Data Types: survey data
Data Collection Notes:
The data available for download are not weighted and users will need to weight the data prior to analysis.
Selected respondents from this poll were re-interviewed January 23-24, 2008, a few days prior to the South Carolina Democratic primary, in the CBS NEWS SOUTH CAROLINA PRIMARY CALL-BACK POLL, JANUARY 2008 (ICPSR 26141).
The CASEID variable was reformatted in order to make it a unique identifier.
Variable Q9 contains an unknown code.
This data collection was produced by CBS News, New York, NY.
Sample: This poll was conducted among a South Carolina statewide random sample of 1,319 registered voters, including an oversample of African American voters.
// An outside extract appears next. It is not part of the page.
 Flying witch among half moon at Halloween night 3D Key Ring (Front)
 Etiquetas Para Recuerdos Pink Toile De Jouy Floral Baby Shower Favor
There are 599 likely Democratic Primary voters and 447 likely Republican Primary voters. The sample was drawn from two sources: records on the state of South Carolina's registered voter list for which phone numbers were available, and a statewide RDD phone sample. Numbers dialed from the RDD sample were only those not among the numbers available for records on the registered voter list. A variation of random-digit dialing using primary sampling units (PSUs) was employed, consisting of blocks of 100 telephone numbers identical through the eighth digit and stratified by geographic region, area code, and size of place. Within households, respondents were selected using a method developed by Leslie Kish and modified by Charles Backstrom and Gerald Hursh (see Backstrom and Hursh, SURVEY RESEARCH. Evanston, IL: Northwestern University Press, 1963).
Weight: The data contain weight variables that should be used in analyzing the data. According to the CBS News Web site, data were weighted by probabilities of selection and by demographic characteristics to reflect the South Carolina registered voter list. To create the probable electorate, registered voters were also weighted by their intention of voting, their attention to the campaign, and their past voting behavior.
Mode of Data Collection: telephone interview
- Checked for undocumented or out-of-range codes.